We're proud to present the accomplishments of just some of the Coquille Tribal Community Fund's grant recipients. Spanning educational, research and health-related projects, these worthwhile causes were able to go just a little further and do just a little more thanks to the funding they received.
In Coos Bay, books for children in grades K-3 were purchased for the SMART (Start Making A Reader Today) program. This volunteer reading program allows adult volunteers to pass on a lifelong love of reading to a new generation by reading one-on-one with kids. Says SMART director Amy Prouty, "The $8,000 grant we received from the Coquille Tribal Community Fund allowed us to expand our book collection dramatically. The University of Oregon’s Center for Indigenous Cultural Survival received a $10,000 grant to expand “Tribe-specific” lesson material for grades K-12 in Lane and Coos Counties. Following close examination of relevant library collections, resources and curricula specifically highlighting the cultures and histories of the area’s Indian tribes are being collated and written, and will be distributed among the public schools.
At Highland Elementary School in Reedsport, a $2,000 grant from the Fund benefited a variety of programs. Students, staff and parent volunteers joined together to resurrect a neglected garden area. “Breakfast Club” and “Afterschool Cool” participants designed and made their own T-shirts. Additional books for the Accelerated Reader program – which will “continue to be used for a long time to come,” comments Principal Linda Deardorff – rounded out Highland’s creative, diverse use of their funding. Pacific Center for Children and Families was able to break ground on their innovative horticultural therapy garden, thanks to the $20,000 grant they received. “Gardening, as therapy, is a non-confrontational way to interact with troubled kids,” explains the center’s Director, Dr. Charles Majuri. “It teaches a useful and popular skill, builds their self-esteem, and teaches them responsibility by making them care for living things. To me it’s an integral piece of treating our patients.”

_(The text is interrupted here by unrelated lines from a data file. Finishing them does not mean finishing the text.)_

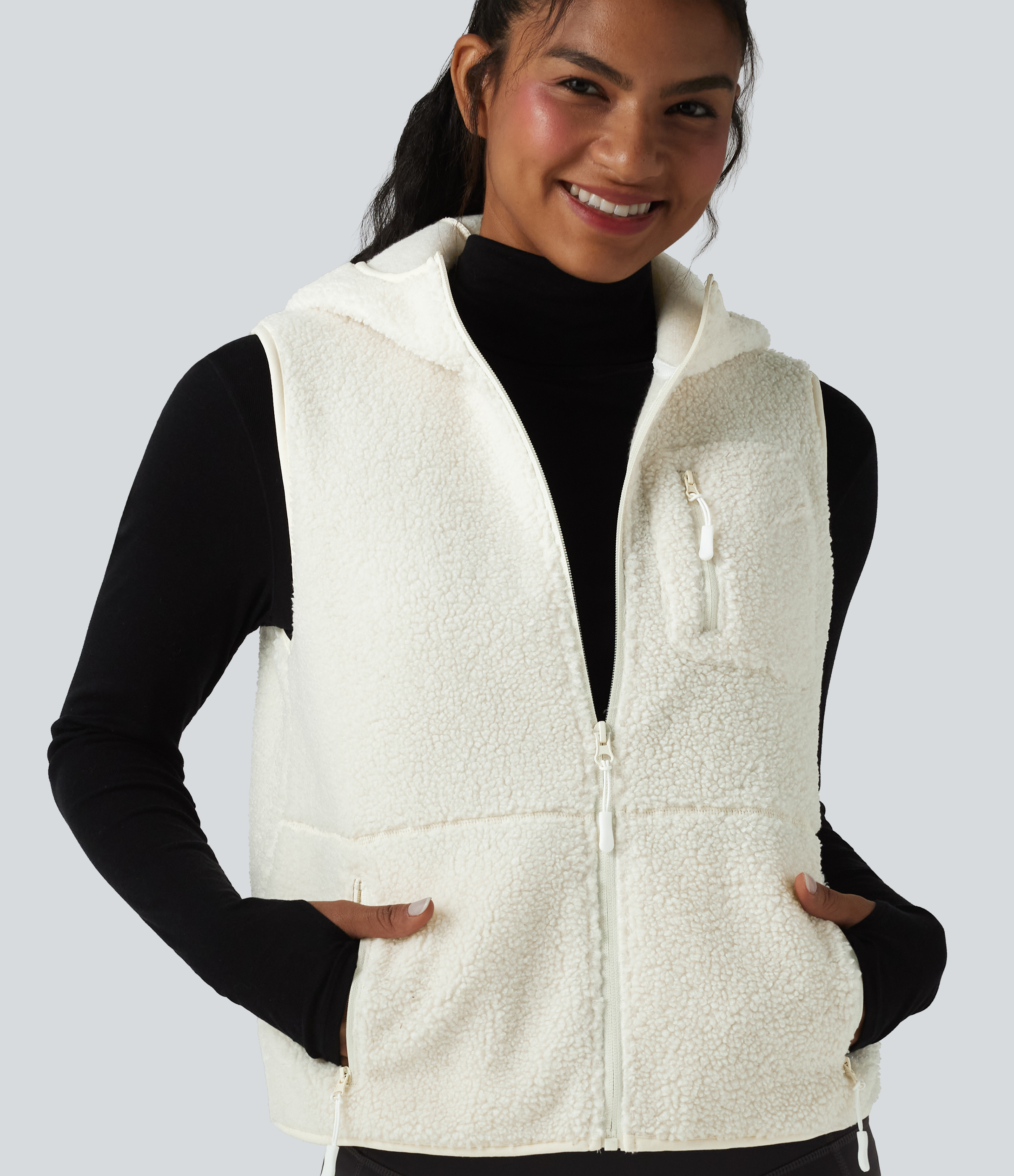 Sports vest made of sherpa fleece with hood and several pockets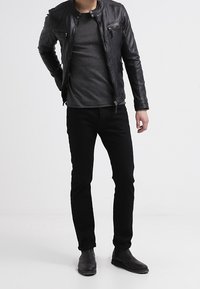 Musta nahkatakki vetoketjullisilla taskuilla, harmaa t-paita, mustat farkut ja mustat nilkkurit. Malli seisoo yksinkertaista valkoista taustaa vasten.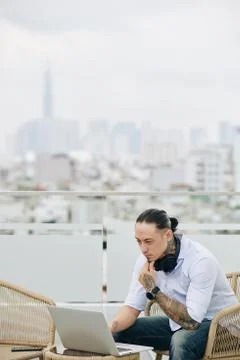 Pensive man working on rooftop 스톡 사진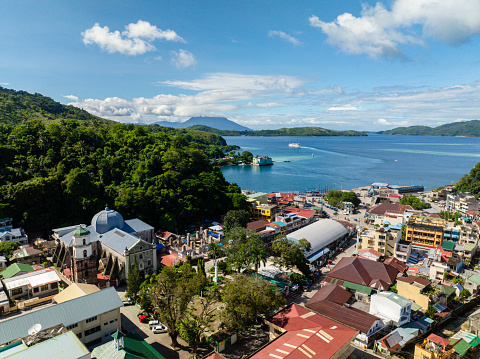 Aerial view of commercial buildings and streets in Romblon Island. Ferry over the blue sea. . Romblon, Philippines.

Believing that children who are active in sports are happier, healthier and more productive citizens, the Fund awarded a $10,000 grant to the Empire Sports Park Committee. The group has constructed a covered play structure which is in use every day by local schoolchildren, and will soon put the finishing touches on this $150,000+ project with the addition of basketball hoops. A grant of $5,500 to the Coos County Women’s Crisis Service has enabled free evening support groups to be offered. “These evening groups allow women who work to access this important information, network with other women, hear other stories and heal collectively from the abuse they have suffered,” says Executive Director Judy Moody. “Because of this grant we have been able to provide consistent, ongoing support groups for over 600 women in Coos County.”
A grant of $20,000 jump-started the North Bend High School Stadium Committee’s efforts to improve their athletic facilities. Funds were used to complete the East Grandstand and related structures at their North Bend campus. New data on modern Indian culture and perspectives on the history of Tribes throughout Southern Oregon were published in Changing Landscapes: Volume 3. This publication by the Coquille Indian Tribe Cultural Resources Program – with printing supported by a $4,500 grant from the fund – is an authoritative resource on Native American culture, present and past.

“These grantees are to be commended for their accomplishments,” said Michele Burnette, Chair of the Coquille Tribal Community Fund Board of Trustees. “We are very pleased to have had the opportunity to further their projects, and we applaud their efforts.”